Dopo qualche settimana mi capitò di avvicinarmi ad un distributore automatico di bibite presso un ufficio pubblico e, mentre azionavo la macchina, ho buttato un occhio al distributore di merendine posizionato accanto. Mannagge a la Majelle! Che cosa vedo? Un trancio di crostata di albicocca e pesca prodotto col marchio "Falcone" dalla Pescaradolc di Moscufo (PE) che sulla confezione riportava in tutta evidenza "con farina di SARAGOLLA"! Ebbene, alla faccia della dieta ne ho subito divorato uno con grande soddisfazione e ne ho comprato qualche altro per i miei amici della Cantine.
Prima di rivedermi con loro, ne ho parlato con compiacimento in famiglia e ho raccontato la storia mostrando le confezioni alla presenza di mio nipote. 'Stù masanelle, presa in mano una confezione, l'ha guardata e mi ha detto: «Ma quiste si vinnè pure a la machinette di la scole! Sule ca ci stave scritte "con farina di Kamut"!»

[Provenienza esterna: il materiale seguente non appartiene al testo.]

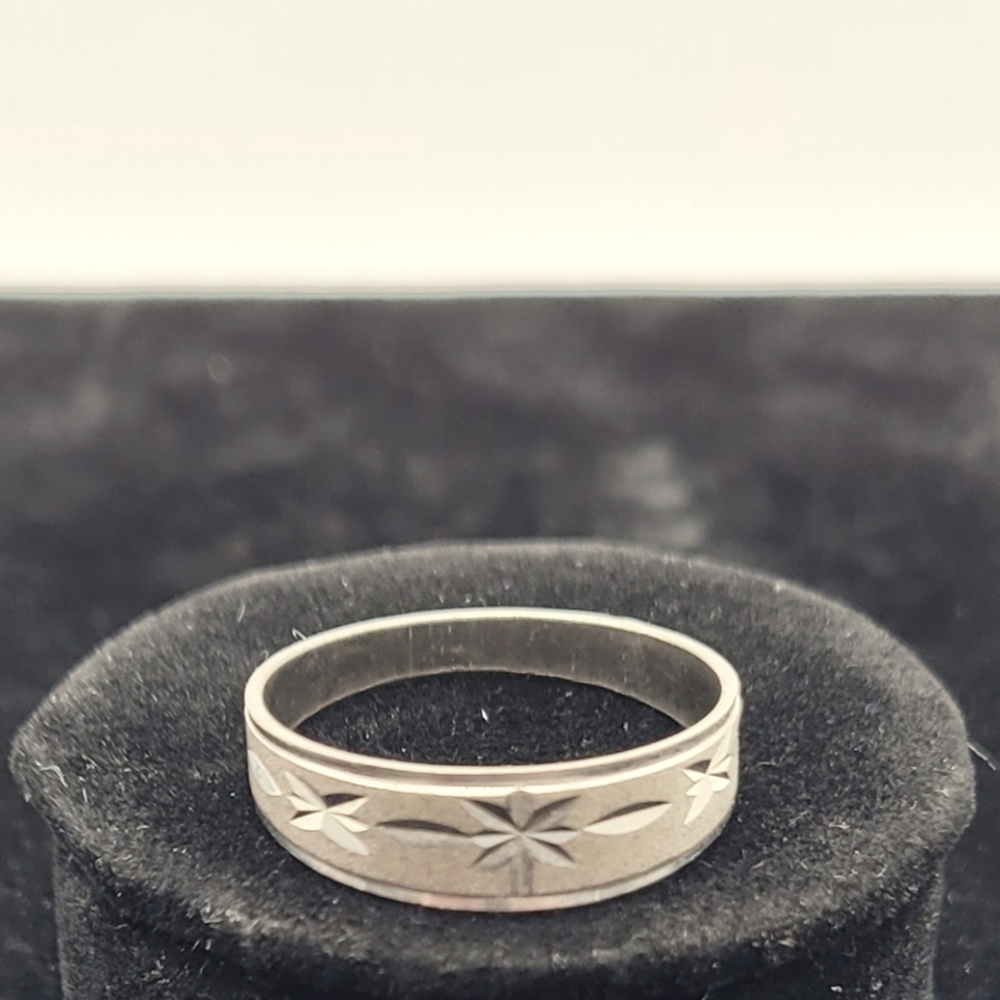 Silver Color Star Pattern Ring Size 6.5​​​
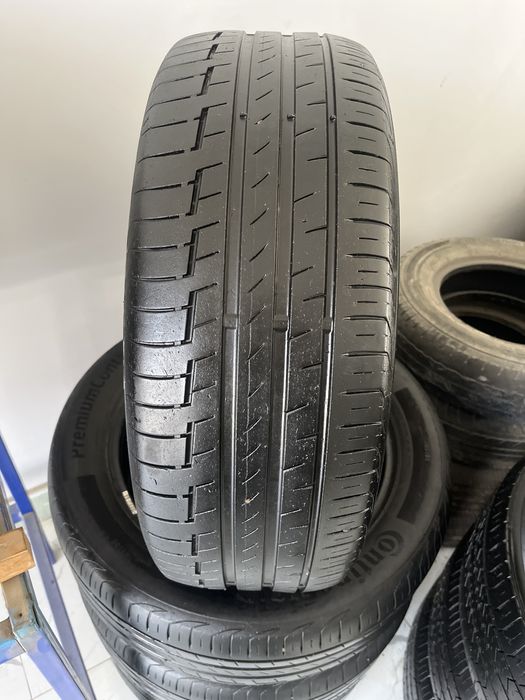215/55R17 Continental balon sotiladi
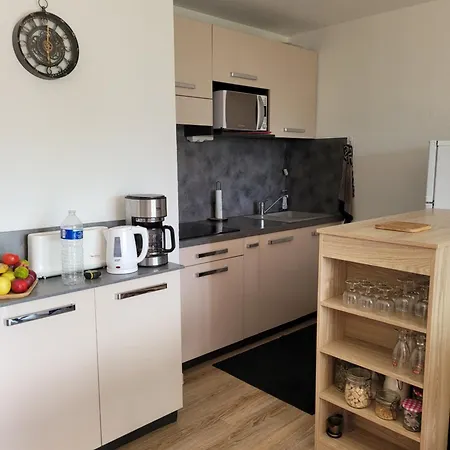 Face Au Golf En Rez De Jardin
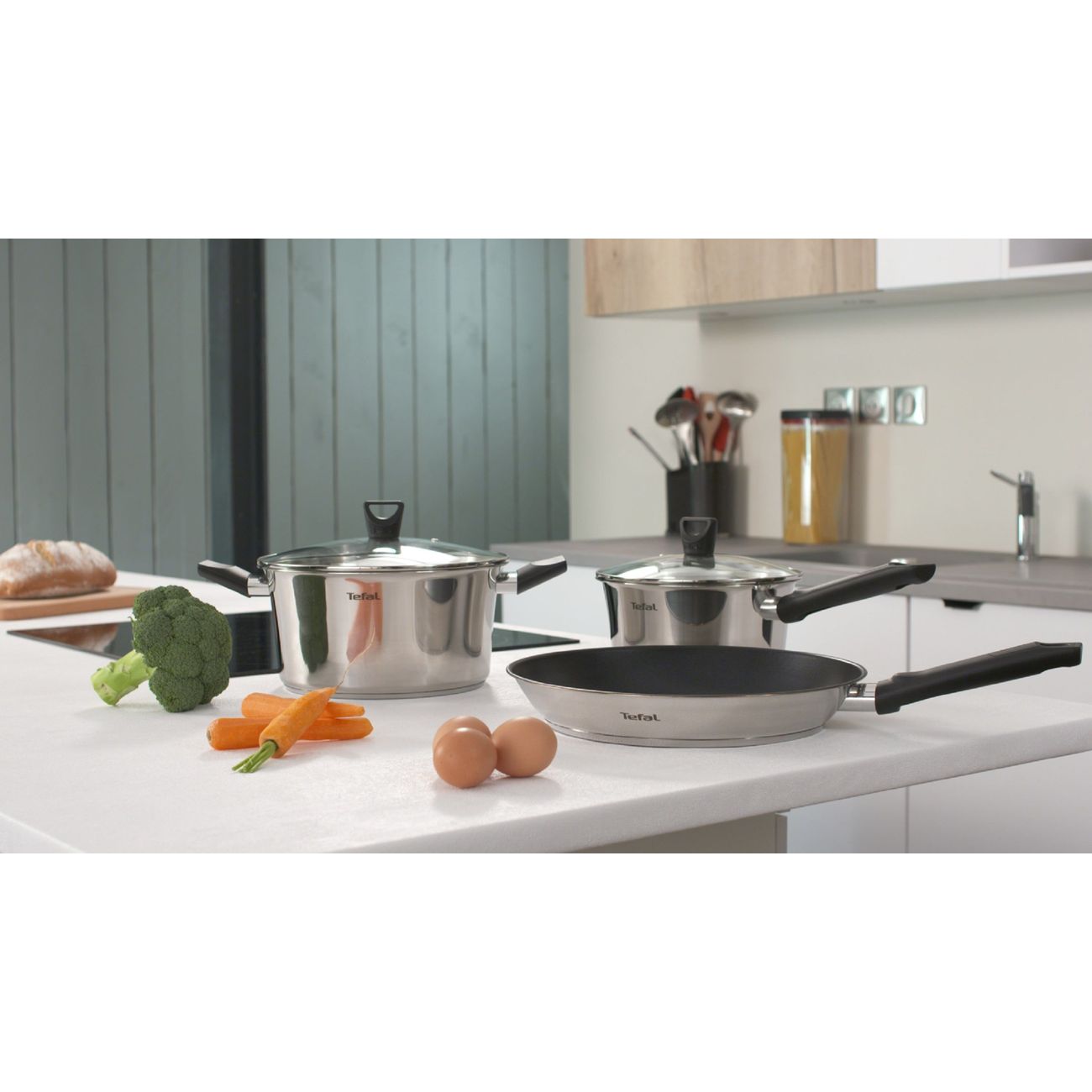 Кастрюля Tefal Simpleo с крышкой 20 см (B9054474)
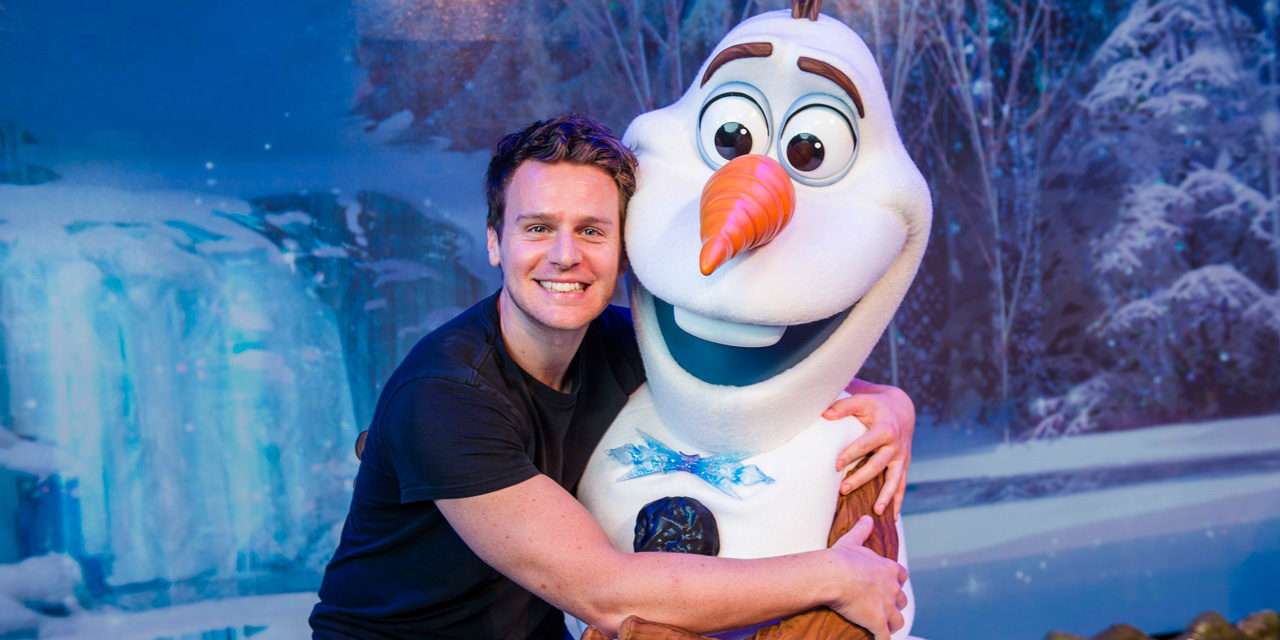 ‘Olaf’s Frozen Adventure’ Actor Jonathan Groff Visits Walt Disney World Resort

Oh, chiscimbè! Forse l'azienda dolciaria non ha rispettato a suo tempo le regole imposte dell'azienda Kamut e quindi ha dovuto cambiare la scritta anche se la farina, magari, era la stessa.
Insomma, la sera dopo ci siamo ancora ritrovati alla Cantine e, trionfante, ho comunicato ai miei amici che la farina di Saragolla era regolarmente in commercio. Ho anche menzionato la faccenda della crostata e questo ha fatto arrabbiare ancor di più donn'Arnalde che, detto tra noi, è piuttosto fumantino. Si è alzato di scatto dalla sedia e ha proclamato:
«Sapete che vi dico? Mi è capitato di trovare per casa prodotti contenenti Kamut e a volte di mangiare preparazioni con questa farina presso ristoranti o pizzerie delle nostre parti. Da questo momento mai più Kamut. Quando troverò l'indicazione di farina Saragolla o, sperabilmente, Saravulle mi ci tufferò senza esitazioni! Ma, per quanto mi riguarda, mai più Kamut!»
Ci siamo tutti guardati in faccia e d'impeto abbiamo promesso che ci saremmo comportati alla stessa maniera. Quindi
la Cantine di la Croche sostiene la farine di saravulle!
Come mai ristoranti e pizzerie non sembrano considerare questa faccenda? Come mai rinunciano a valorizzare questo prodotto del nostro territorio e della nostra tradizione contadina?